Dix-huit mois de surveillance avant de passer à l’action
C’est ce qu’il s’est passé début avril. Après 18 mois de surveillance, notamment téléphonique, les enquêteurs ont compris qu’une livraison se préparait. Elle concernait une quantité de 800 kilos de cocaïne, selon les écoutes.
Quand les Douanes ont informé les enquêteurs qu’un cargo rempli de drogue avait quitté le port de Paranagua, au Brésil, réputé pour être le point de départ de nombreux trafics, l’opération s’est mise en place. Les déplacements du cargo et du chalutier suspect ont été scrutés.
Le transbordement a eu lieu à plusieurs milles nautiques à l’ouest des îles anglo-normandes de Guernesey et Jersey. Le cargo, en route pour Amsterdam, a dévié sa route.
Frédéric Teillet, procureur de la République de Rennes
Le chalutier récupère les ballots, puis les transfère à une vedette
Le chalutier ouistrehamais a ensuite ramené les ballots de drogue à son bord, avant de reprendre le chemin du port. En baie de Seine, la cocaïne a une nouvelle fois changé d’embarcation : une vedette rapide est venue à la rencontre du chalutier pour charger les produits stupéfiants et les emporter jusqu’à Tancarville (Seine-Maritime), son port d’attache.
Les hommes du Raid ont sécurisé l’opération de police en mer de la Manche, dans la nuit de jeudi 3 à vendredi 4 avril 2025. ©si cop
Le cargo, de son côté, a été dérouté par un patrouilleur des Douanes jusqu’au port de Dunkerque. Les 22 membres de son équipage, originaires des Philippines, ont été placés en garde à vue. Dix-neuf d’entre eux ont été mis hors de cause, à ce stade de l’enquête, mais trois ont été mis en examen.
11 personnes mises en examen
Six autres hommes, dont les trois marins-pêcheurs, ont aussi été interpellés à Ouistreham, Tancarville, et au Havre.

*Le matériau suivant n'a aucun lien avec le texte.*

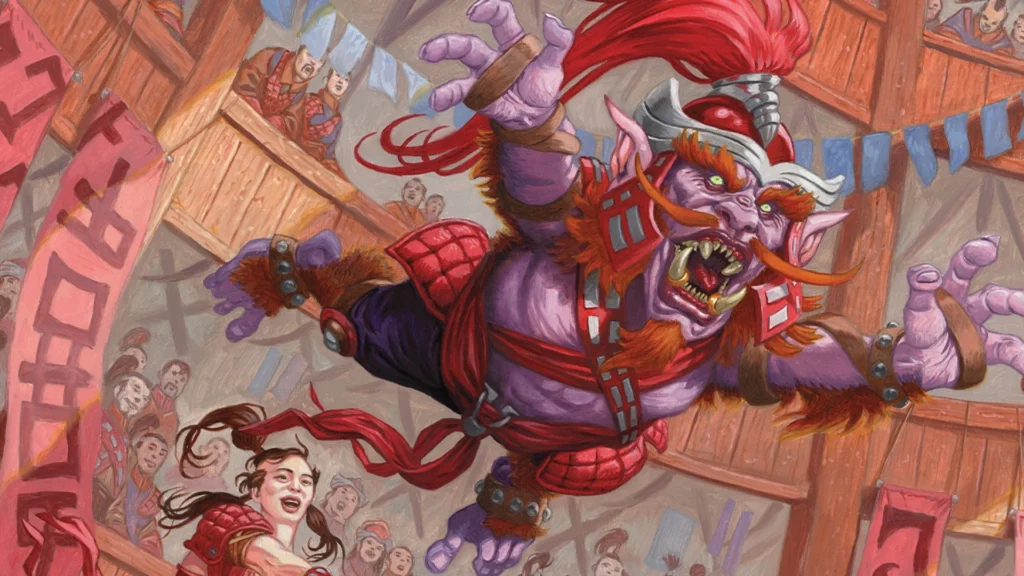 Star of the Arena | Tarkir: Dragonstorm | Art by Ralph Horsley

Ils ont été mis en examen, ainsi que les deux conjointes des pêcheurs de Ouistreham. Celles-ci ont été placées sous contrôle judiciaire, tandis que les autres ont été incarcérés. « Ils sont nés entre 1976 et 1999 et vivent dans le Calvados et en Seine-Maritime, a indiqué Frédéric Teillet. L’un d’eux est un ressortissant belge d’origine albanaise ». Par ailleurs, le chalutier et la vedette ont été saisis par la justice.
Une fois les emballages enlevés, la quantité de drogue saisie s’élève à 630 kilos, ce qui représente une valeur à la revente d’environ 37 millions d’euros. « C’est la première fois qu’on intercepte une livraison avec un tel mode de trafic », s’est félicité le procureur de la République de Rennes.
« Aucune impunité » pour le monde de la mer
Frédéric Teillet a mis en garde le monde de la mer face à la tentation de « l’argent facile ».
S’ils participent à des trafics, les pêcheurs subiront les mêmes peines que les trafiquants. Il n’y aura aucune impunité. Sans compter qu’ils peuvent subir les représailles de criminels sans scrupules : menaces, enlèvements, séquestrations, voire assassinats, comme c’est déjà arrivé au Havre.
Frédéric Teillet, procureur de la République de Rennes
L’importation de produits stupéfiants est un crime passible de la cour d’Assises. La peine encourue est de 30 ans de réclusion criminelle.